▸ Data extracts
========================

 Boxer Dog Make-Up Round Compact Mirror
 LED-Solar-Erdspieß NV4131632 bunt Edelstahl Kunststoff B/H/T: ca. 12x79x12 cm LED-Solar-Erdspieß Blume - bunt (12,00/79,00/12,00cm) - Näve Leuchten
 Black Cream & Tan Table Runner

========================

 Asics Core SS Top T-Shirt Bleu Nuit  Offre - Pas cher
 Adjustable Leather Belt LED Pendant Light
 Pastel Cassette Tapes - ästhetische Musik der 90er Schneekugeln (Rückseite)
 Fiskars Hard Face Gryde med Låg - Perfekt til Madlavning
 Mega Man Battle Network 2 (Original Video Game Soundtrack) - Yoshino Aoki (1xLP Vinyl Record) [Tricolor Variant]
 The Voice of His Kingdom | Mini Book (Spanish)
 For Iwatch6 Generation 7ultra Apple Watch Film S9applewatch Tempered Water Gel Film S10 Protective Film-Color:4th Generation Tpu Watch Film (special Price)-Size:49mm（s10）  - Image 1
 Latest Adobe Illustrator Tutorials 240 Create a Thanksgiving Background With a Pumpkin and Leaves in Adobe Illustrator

========================

▸ What you have to do
Only the lines above starting with the one with "Adjustable Leather Belt LED Pendant Light" and going through the one with "Fiskars Hard Face" are to be copied, word for word and with both ends kept.

▸ Result
 Adjustable Leather Belt LED Pendant Light
 Pastel Cassette Tapes - ästhetische Musik der 90er Schneekugeln (Rückseite)
 Fiskars Hard Face Gryde med Låg - Perfekt til Madlavning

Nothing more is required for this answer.